Дюк де Ришелье | страница 31



Сераскир (главнокомандующий турецкими войсками), с пистолетом в одной руке и саблей в другой, стоял во главе своих янычар, поджидая нападавших; рядом находились музыканты, которым он велел играть. Англичанин-волонтер по имени Фот хотел взять его в плен, но сераскир застрелил его. Этот пистолетный выстрел прозвучал как боевой сигнал: русские взревели и с победным криком обрушились на турок; те больше не сопротивлялись и дали себя перебить.

Перед штурмом в приказе главнокомандующего особо указывалось: «Христиан и обезоруженных отнюдь не лишать жизни, разумея то же о всех женщинах и детях». Но в запале боя каждый думал лишь о собственной жизни, а льющаяся потоками кровь пробуждала в людях звериные инстинкты. Воздух огласился криками женщин и детей. «Несмотря на субординацию, царящую в русских войсках, ни князь Потемкин, ни сама императрица не могли бы всей своей властью спасти жизнь хотя бы одному турку», — вспоминал потом Ланжерон.

Впрочем, в доме рядом с бастионом после обнаружили четырнадцатилетнего татарина из рода Гиреев, племянника последнего крымского хана, который преспокойно курил кальян, словно не понимая, что происходит вокруг. Только по счастливой случайности он избежал участи своих дядей и сераскира; его отослали в Петербург, и императрица приняла его очень благосклонно.
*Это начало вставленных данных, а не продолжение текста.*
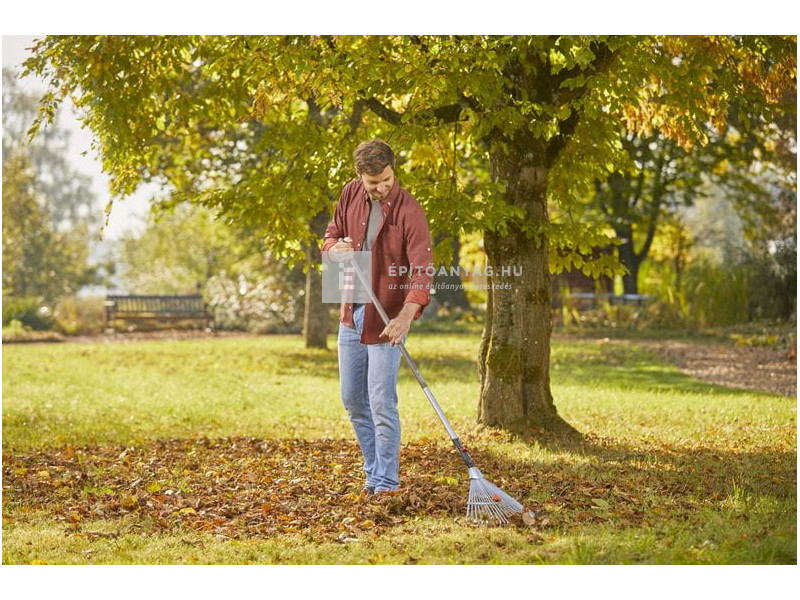 Gardenac ombisystem állítható fémseprű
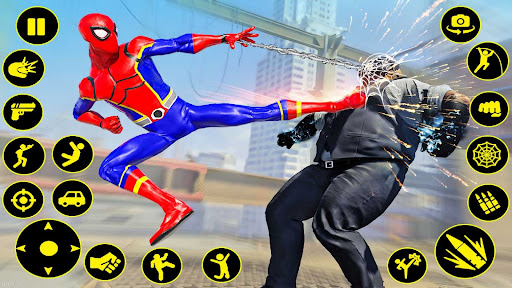 Robot Spider Hero Spider Games 2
«Я увидел группу из четырех женщин с перерезанным горлом и между ними дитя с очаровательным личиком, девочку лет десяти, искавшую спасения от ярости двух казаков, готовых ее зарубить, — записал Фронсак в дневнике. — Я, не колеблясь, обхватил несчастную девочку руками, однако эти варвары и дальше хотели преследовать ее. Мне стоило великого труда удержаться и не зарубить сих презренных саблей, которую я держал в руке. Я лишь прогнал их, осыпав ударами и бранью, которых они заслуживали, и с радостью обнаружил, что моя маленькая пленница не пострадала — лишь небольшой порез на лице, нанесенный, вероятно, тем же клинком, что пронзил ее мать. Одновременно я увидел, что на золотом медальоне, который висел у нее на шее на золотой же цепочке, было изображение французского короля. Сие последнее обстоятельство окончательно и полностью привязало меня к ней; а она, увидев по той заботе, с какой я оберегал ее от всякой опасности, что я не хочу ей зла, привыкла ко мне…»

Герцог нес девочку на руках, перешагивая через трупы, чтобы ей не пришлось «ступать по телам своих соотечественников». Он вернулся с ней к бастиону, где Эммануил де Рибае вел переговоры с семьюстами запершимися там турками, продолжает рассказ Ланжерон. Увидев девочку, те возопили, требуя, чтобы ее отдали им; возможно, она была высокого рождения. Фронсак долго отказывался и согласился отдать ребенка, только когда Рибае дал ему слово, что завтра они заберут ее обратно, однако ни тот ни другой девочку больше не увидели. А Шарль де Линь подобрал турецкого мальчика, окрестил и усыновил; позже он завещает ему 20 тысяч дукатов.